Gleichzeitig weist die DGPPN mit Nachdruck darauf hin, dass psychische Erkrankungen einer besonderen Versorgungssituation bedürfen. Die Inanspruchnahme psychischer Gesundheitsleistungen unterscheidet sich von anderen Bereichen – nicht zuletzt aufgrund der noch immer bestehenden oder manchmal auch nur befürchteten - gesellschaftlichen Stigmatisierung, die vielen Betroffenen den Zugang zur Behandlung erschwert.

Der Hausarzt ist in vielen Fällen bei psychischen Beschwerden eine erste Anlaufstelle und spielt eine wichtige Rolle: Er kann selbst Hilfe anbieten und, wenn dies nicht reicht, die Patienten weitervermitteln. Wenn Patientinnen und Patienten allerdings Scham für ihre Probleme/Beschwerden empfinden und noch kein gewachsenes Vertrauensverhältnis oder auch kein regelmäßiger Kontakt zu einem Hausarzt besteht, dann kann der verpflichtende Weg über einen Primärarzt eine zusätzliche Zugangshürde darstellen. Dies kann dazu führen, dass Hilfe sehr spät oder gar nicht in Anspruch genommen wird.
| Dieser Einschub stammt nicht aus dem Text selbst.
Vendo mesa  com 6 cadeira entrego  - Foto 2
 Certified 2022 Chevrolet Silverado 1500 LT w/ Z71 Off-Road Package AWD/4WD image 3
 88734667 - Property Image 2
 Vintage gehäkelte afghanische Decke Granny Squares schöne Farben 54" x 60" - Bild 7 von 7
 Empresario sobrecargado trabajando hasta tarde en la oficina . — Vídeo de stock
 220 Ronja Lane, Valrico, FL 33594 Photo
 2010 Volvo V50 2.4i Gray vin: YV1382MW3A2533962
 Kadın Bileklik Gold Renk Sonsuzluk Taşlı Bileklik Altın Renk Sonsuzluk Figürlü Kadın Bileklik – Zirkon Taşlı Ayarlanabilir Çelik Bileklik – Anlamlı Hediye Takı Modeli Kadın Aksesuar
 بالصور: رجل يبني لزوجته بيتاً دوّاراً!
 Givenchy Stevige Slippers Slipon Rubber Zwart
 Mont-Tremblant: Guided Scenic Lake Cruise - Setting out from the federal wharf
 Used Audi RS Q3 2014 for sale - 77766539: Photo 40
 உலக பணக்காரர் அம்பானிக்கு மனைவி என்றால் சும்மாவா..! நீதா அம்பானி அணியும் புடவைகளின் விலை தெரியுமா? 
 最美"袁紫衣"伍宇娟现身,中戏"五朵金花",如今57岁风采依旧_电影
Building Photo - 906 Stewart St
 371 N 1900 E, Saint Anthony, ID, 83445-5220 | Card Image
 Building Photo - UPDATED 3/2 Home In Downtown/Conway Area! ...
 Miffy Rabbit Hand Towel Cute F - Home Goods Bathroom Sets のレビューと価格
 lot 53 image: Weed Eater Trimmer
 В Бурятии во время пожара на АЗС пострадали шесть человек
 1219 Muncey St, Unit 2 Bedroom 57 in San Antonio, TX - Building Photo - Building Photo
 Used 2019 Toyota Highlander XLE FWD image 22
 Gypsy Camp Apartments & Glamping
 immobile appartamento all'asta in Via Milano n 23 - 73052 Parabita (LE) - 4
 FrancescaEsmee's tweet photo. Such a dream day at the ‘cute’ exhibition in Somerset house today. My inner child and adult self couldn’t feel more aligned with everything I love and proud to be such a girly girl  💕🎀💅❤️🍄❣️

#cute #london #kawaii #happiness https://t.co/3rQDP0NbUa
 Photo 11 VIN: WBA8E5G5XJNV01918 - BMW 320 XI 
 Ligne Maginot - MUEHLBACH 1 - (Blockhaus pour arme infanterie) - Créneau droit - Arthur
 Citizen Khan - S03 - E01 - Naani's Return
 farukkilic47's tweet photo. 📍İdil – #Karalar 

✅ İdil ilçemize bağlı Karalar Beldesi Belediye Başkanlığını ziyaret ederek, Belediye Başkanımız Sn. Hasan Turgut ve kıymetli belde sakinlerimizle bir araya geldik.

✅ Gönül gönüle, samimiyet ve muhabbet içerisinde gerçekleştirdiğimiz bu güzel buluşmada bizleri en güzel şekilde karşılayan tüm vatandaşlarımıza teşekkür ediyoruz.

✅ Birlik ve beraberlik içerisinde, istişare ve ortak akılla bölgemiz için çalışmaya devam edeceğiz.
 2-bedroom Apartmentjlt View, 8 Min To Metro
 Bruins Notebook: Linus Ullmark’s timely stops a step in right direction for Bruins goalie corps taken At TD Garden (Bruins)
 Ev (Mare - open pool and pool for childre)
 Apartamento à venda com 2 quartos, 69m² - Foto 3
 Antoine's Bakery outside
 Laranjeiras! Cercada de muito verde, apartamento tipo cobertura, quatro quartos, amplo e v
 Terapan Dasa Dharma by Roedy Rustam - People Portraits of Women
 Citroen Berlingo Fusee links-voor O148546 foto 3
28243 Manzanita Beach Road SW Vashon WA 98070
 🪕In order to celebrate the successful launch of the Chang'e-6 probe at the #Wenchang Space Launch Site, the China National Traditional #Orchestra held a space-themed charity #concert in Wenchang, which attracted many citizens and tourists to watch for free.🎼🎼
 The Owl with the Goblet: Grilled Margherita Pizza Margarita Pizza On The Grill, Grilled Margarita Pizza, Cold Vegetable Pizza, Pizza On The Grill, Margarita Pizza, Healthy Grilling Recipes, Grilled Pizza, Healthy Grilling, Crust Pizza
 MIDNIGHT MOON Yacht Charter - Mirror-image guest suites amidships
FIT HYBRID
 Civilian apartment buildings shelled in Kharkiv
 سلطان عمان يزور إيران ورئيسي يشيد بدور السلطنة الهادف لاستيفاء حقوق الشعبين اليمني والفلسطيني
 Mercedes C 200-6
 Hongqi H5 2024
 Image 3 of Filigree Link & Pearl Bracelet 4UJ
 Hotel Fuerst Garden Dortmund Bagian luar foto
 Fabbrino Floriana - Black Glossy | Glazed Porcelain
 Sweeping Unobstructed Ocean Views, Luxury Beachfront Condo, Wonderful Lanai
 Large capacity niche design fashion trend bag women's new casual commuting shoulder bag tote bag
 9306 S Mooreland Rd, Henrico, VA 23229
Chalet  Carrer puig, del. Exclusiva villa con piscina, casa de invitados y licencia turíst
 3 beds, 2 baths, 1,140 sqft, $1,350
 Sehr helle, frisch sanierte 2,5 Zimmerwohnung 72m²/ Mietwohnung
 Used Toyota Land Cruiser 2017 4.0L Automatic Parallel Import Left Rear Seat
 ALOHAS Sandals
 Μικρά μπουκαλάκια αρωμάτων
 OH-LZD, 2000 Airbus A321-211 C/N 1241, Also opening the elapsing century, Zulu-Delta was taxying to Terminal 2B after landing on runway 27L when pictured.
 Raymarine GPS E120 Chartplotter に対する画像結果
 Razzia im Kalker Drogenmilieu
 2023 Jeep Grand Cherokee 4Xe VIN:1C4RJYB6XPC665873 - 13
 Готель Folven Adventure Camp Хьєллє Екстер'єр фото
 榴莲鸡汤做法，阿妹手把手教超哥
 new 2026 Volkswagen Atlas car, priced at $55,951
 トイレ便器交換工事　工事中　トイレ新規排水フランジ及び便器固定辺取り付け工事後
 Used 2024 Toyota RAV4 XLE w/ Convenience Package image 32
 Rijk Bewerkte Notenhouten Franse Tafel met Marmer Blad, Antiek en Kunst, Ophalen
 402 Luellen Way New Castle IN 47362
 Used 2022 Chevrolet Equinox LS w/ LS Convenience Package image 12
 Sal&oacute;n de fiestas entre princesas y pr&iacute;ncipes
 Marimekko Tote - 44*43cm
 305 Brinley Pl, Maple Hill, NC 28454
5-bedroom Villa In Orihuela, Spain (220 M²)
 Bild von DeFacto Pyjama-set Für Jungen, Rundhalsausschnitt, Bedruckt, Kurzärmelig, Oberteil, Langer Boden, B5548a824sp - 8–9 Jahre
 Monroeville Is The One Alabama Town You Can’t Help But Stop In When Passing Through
Es ist deshalb grundsätzlich positiv zu bewerten, dass die Kassenärztliche Bundesvereinigung (KBV) in ihrem Konzeptpapier Ambulant passgenau versorgt für die psychotherapeutische Versorgung eine Ausnahme vom Primärarztsystem vorsieht; der Vorschlag greift aus Sicht der DGPPN aber deutlich zu kurz. 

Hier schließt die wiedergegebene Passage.